■ PROBLEM DESCRIPTION ■
Pictures stay out. Everything else in the listing below gets written out exactly.

■ GIVEN MATERIAL ■
*** Block opens ***
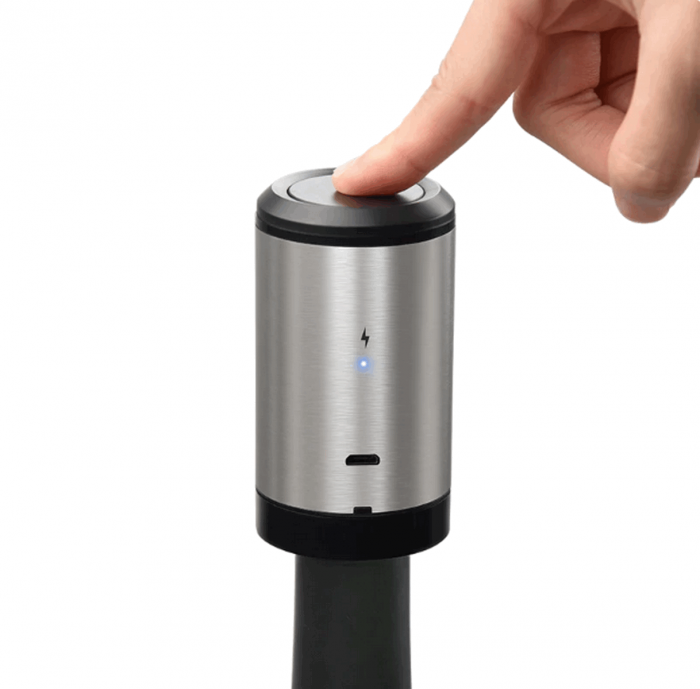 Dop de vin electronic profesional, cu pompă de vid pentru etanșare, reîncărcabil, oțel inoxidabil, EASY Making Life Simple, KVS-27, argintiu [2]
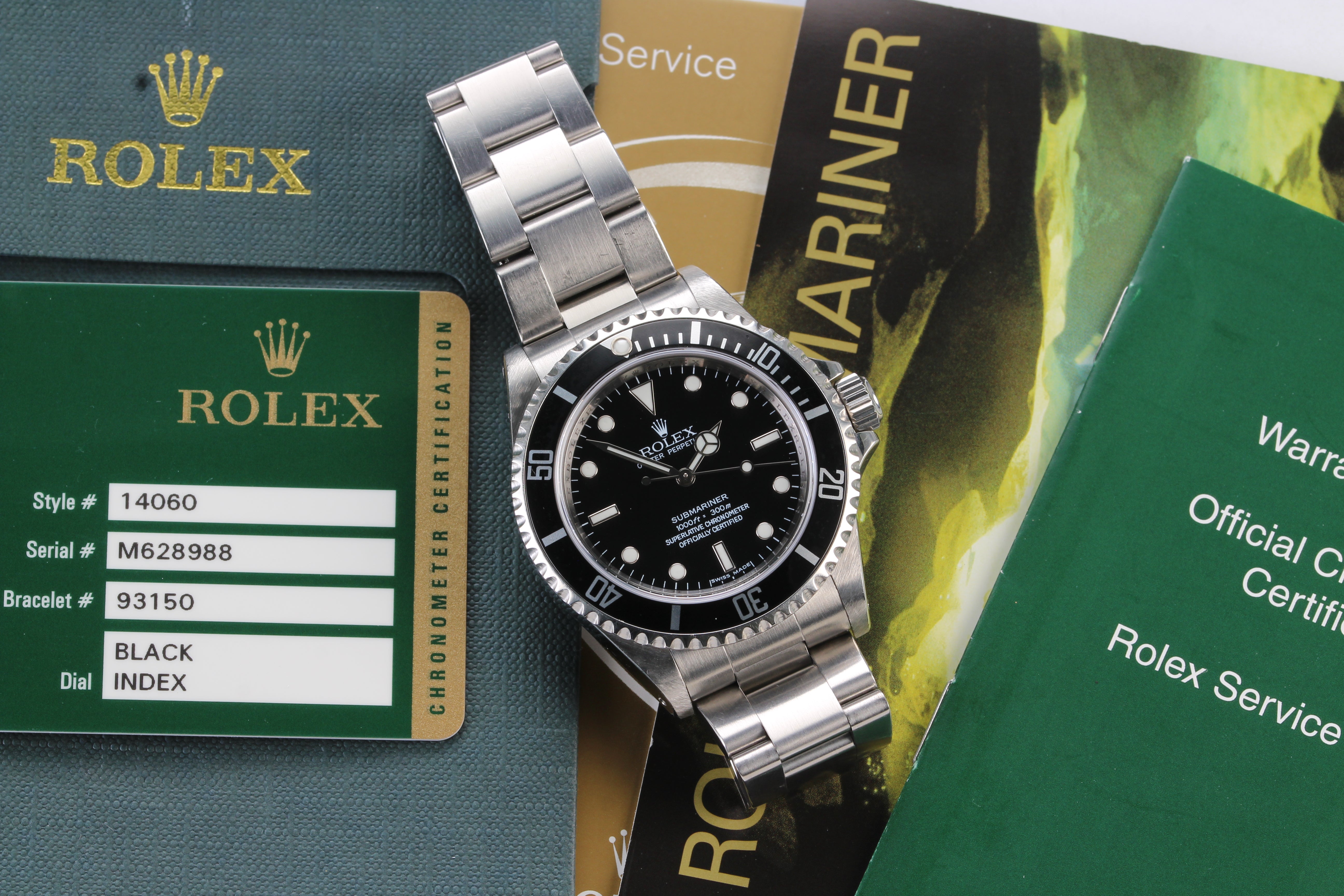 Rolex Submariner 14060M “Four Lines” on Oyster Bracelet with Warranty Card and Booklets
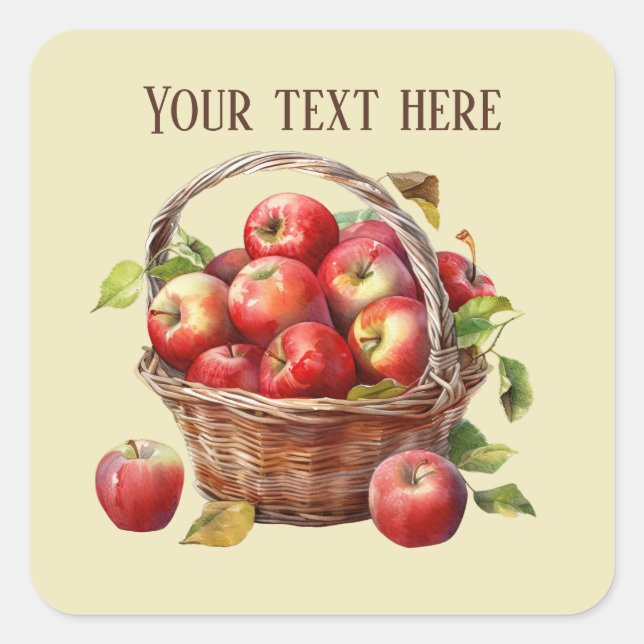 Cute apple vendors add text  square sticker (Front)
*** Block closes ***
■ YOUR RESPONSE ■
 Dop de vin electronic profesional, cu pompă de vid pentru etanșare, reîncărcabil, oțel inoxidabil, EASY Making Life Simple, KVS-27, argintiu [2]
 Rolex Submariner 14060M “Four Lines” on Oyster Bracelet with Warranty Card and Booklets
 Cute apple vendors add text  square sticker (Front)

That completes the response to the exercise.